Crawled caption data
+ + + +
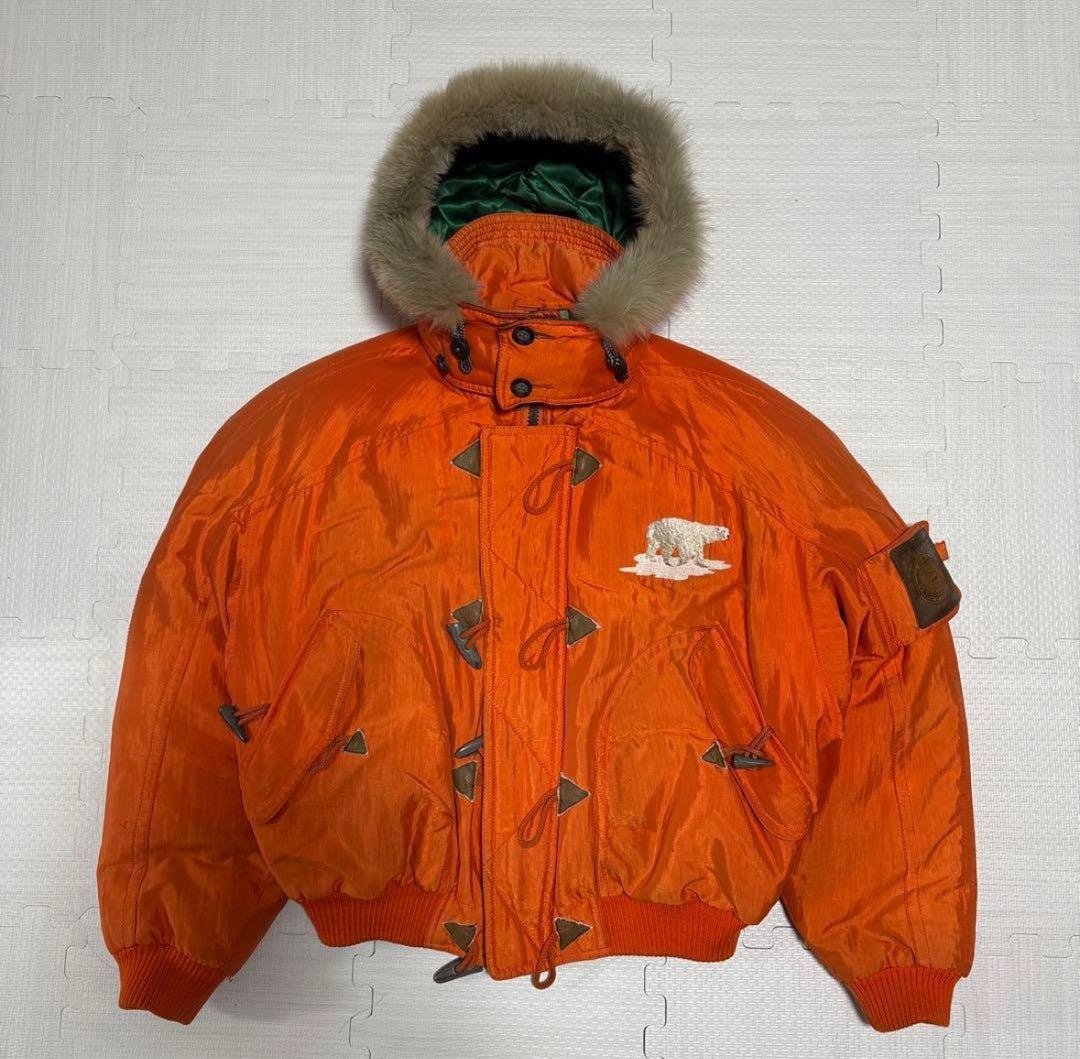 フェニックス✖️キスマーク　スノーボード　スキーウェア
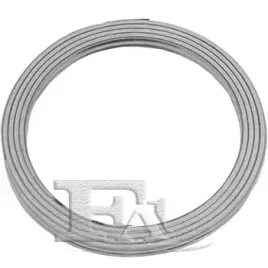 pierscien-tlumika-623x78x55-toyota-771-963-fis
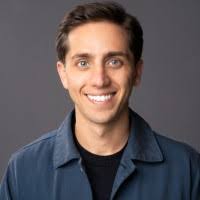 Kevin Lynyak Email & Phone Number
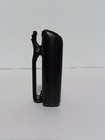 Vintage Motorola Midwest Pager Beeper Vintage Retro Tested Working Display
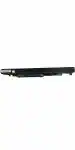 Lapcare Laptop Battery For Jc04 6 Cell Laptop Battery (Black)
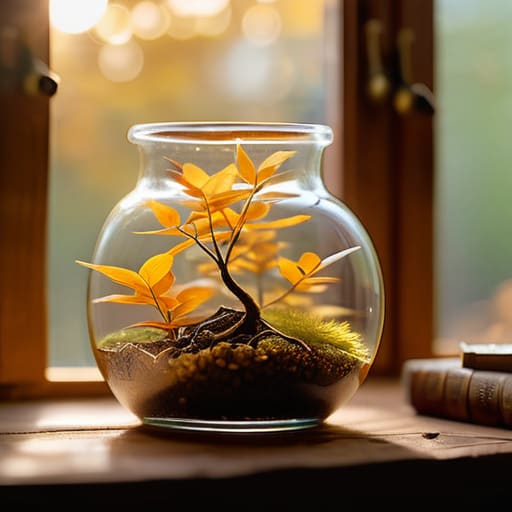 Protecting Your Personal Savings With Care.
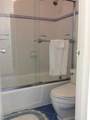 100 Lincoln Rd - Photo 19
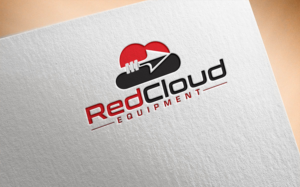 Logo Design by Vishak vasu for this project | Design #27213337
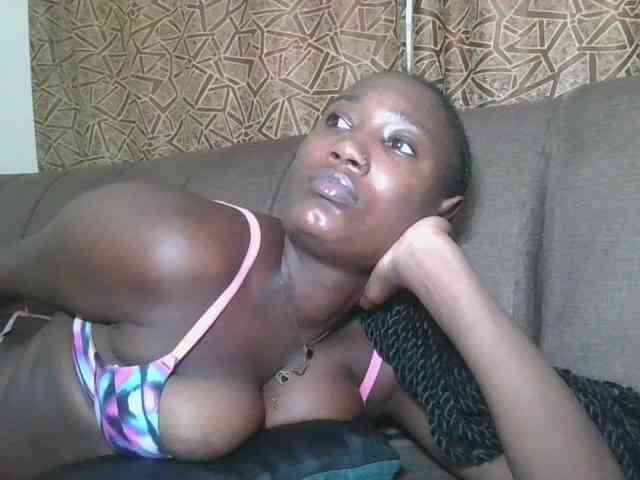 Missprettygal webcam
+ + + +
An exact copy of all the entries is required, and it must contain no pictures.

 フェニックス✖️キスマーク　スノーボード　スキーウェア
 pierscien-tlumika-623x78x55-toyota-771-963-fis
 Kevin Lynyak Email & Phone Number
 Vintage Motorola Midwest Pager Beeper Vintage Retro Tested Working Display
 Lapcare Laptop Battery For Jc04 6 Cell Laptop Battery (Black)
 Protecting Your Personal Savings With Care.
 100 Lincoln Rd - Photo 19
 Logo Design by Vishak vasu for this project | Design #27213337
 Missprettygal webcam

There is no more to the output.